» **AIM OF THE TASK**: The lines from the first line of the entries through the line containing "Vintage Art Deco Bakelit-Anstecknadel Vintage" are to be repeated exactly, with both of those lines included.

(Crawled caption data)
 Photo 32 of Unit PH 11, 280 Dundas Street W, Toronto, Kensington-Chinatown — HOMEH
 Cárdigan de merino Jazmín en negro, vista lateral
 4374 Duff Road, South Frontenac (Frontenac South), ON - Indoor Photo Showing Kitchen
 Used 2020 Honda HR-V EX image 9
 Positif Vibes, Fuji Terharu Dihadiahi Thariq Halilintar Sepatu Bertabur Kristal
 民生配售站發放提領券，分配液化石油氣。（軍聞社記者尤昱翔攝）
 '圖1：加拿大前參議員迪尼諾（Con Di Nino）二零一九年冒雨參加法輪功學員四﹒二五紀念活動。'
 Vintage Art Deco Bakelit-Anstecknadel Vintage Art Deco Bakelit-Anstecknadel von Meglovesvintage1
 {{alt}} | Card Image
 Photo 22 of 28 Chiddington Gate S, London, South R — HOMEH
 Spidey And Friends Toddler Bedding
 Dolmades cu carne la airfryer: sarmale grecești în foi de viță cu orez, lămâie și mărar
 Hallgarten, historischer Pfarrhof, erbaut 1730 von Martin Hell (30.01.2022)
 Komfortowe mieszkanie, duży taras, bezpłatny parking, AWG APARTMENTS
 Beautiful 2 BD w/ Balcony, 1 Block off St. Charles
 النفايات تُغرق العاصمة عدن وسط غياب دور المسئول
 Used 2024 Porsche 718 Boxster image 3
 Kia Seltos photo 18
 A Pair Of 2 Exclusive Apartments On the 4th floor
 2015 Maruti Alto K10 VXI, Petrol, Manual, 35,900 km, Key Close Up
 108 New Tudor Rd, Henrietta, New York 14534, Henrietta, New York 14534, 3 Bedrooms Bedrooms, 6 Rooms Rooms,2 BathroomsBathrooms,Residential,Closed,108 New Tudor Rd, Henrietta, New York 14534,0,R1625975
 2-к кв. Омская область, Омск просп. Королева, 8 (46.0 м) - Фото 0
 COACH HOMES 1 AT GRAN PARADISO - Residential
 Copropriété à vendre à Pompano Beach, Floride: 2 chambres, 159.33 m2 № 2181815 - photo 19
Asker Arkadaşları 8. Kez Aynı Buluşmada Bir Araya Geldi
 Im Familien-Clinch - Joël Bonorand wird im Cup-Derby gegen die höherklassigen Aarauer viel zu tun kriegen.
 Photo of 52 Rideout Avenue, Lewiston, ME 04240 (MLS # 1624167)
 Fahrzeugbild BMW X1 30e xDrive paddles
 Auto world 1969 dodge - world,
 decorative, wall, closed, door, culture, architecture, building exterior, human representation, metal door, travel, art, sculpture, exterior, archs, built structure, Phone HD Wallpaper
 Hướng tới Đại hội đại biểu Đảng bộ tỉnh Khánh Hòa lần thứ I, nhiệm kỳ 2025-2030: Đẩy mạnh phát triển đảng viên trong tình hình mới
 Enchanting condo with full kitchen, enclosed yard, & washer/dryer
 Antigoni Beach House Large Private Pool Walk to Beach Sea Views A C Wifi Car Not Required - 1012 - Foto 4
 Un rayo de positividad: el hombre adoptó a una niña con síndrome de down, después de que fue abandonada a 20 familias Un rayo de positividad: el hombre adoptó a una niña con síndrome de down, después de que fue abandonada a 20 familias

» **TASK SOLUTION**:
 Photo 32 of Unit PH 11, 280 Dundas Street W, Toronto, Kensington-Chinatown — HOMEH
 Cárdigan de merino Jazmín en negro, vista lateral
 4374 Duff Road, South Frontenac (Frontenac South), ON - Indoor Photo Showing Kitchen
 Used 2020 Honda HR-V EX image 9
 Positif Vibes, Fuji Terharu Dihadiahi Thariq Halilintar Sepatu Bertabur Kristal
 民生配售站發放提領券，分配液化石油氣。（軍聞社記者尤昱翔攝）
 '圖1：加拿大前參議員迪尼諾（Con Di Nino）二零一九年冒雨參加法輪功學員四﹒二五紀念活動。'
 Vintage Art Deco Bakelit-Anstecknadel Vintage Art Deco Bakelit-Anstecknadel von Meglovesvintage1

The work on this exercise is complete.